Wo die Betrachtung besonders lohnt
- Wahl der Wärmeerzeugung und des Dämmstandards
- Fassadenkonstruktion und deren Instandhaltungsaufwand
- Qualität von Bodenbelägen und Oberflächen in stark genutzten Bereichen
- Technische Anlagen mit hohem Wartungs- und Ersatzbedarf
- Flexibilität der Grundrisse für spätere Nutzungsänderungen
Häufige Fragen zu Lebenszykluskosten
Über welchen Zeitraum wird gerechnet?
Üblich sind fünfzig Jahre, bei einzelnen Bauteilen auch kürzere Betrachtungszeiträume. Der gewählte Zeitraum ist stets anzugeben, weil er das Ergebnis maßgeblich beeinflusst.

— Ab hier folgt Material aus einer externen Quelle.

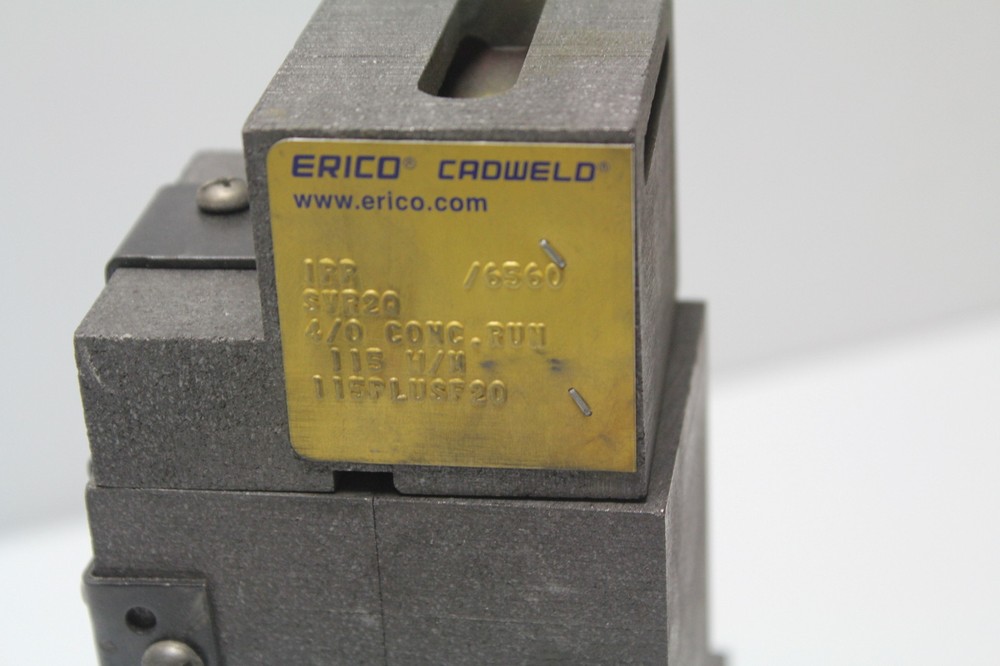 Erico Cadweld SVR2Q vertical Splice cable Mold Used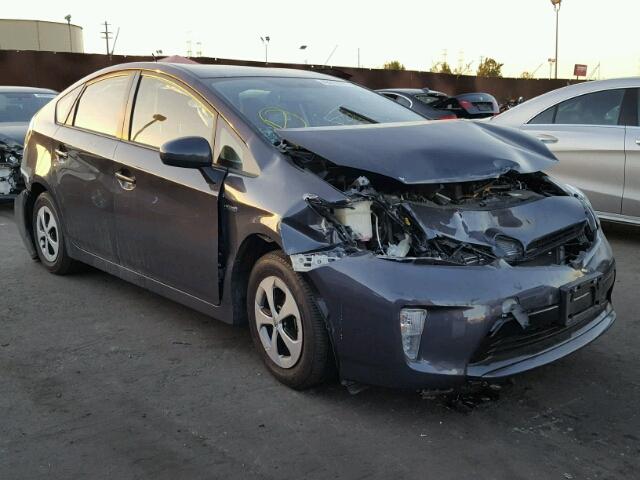 JTDKN3DU6F0439771 - 2015 TOYOTA PRIUS GRAY photo 1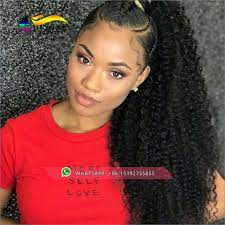 Pin On Human Drawstring Ponytail Hair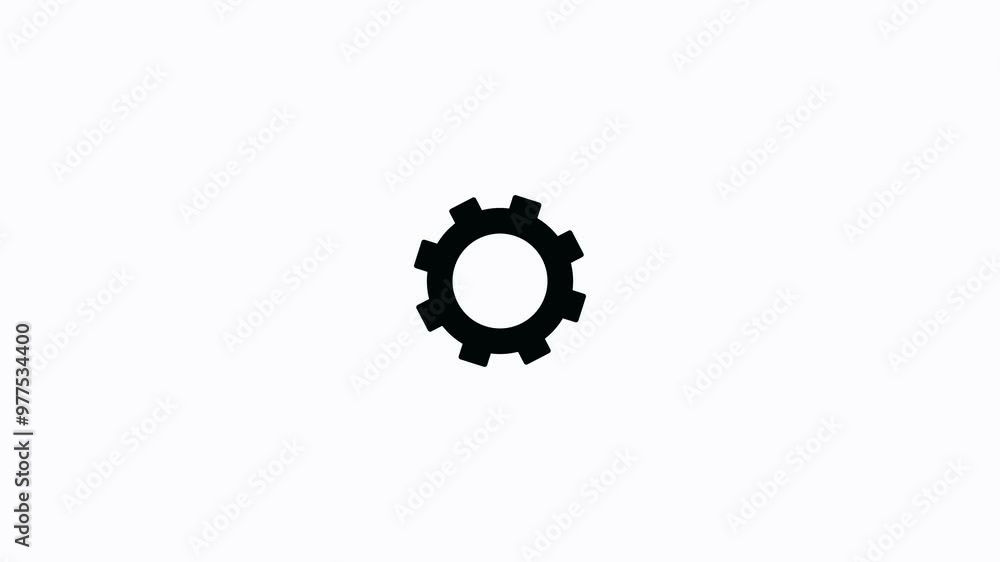 Glowing neon line setting icon with spinning gears icon animated. 4k video. Glowing neon line setting icon with spinning gears icon animated. 4k video.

Sind Lebenszykluskosten dasselbe wie Nutzungskosten?
Nein. Die Nutzungskosten nach DIN 18960 sind ein Teil der Lebenszykluskosten, die zusätzlich Errichtung und Verwertung umfassen.
Wie verlässlich sind solche Berechnungen?
Sie hängen von den getroffenen Annahmen ab, insbesondere zu Energiepreisen und Lebensdauern. Für den Vergleich von Varianten sind sie dennoch aussagekräftig, weil dieselben Annahmen für alle Varianten gelten.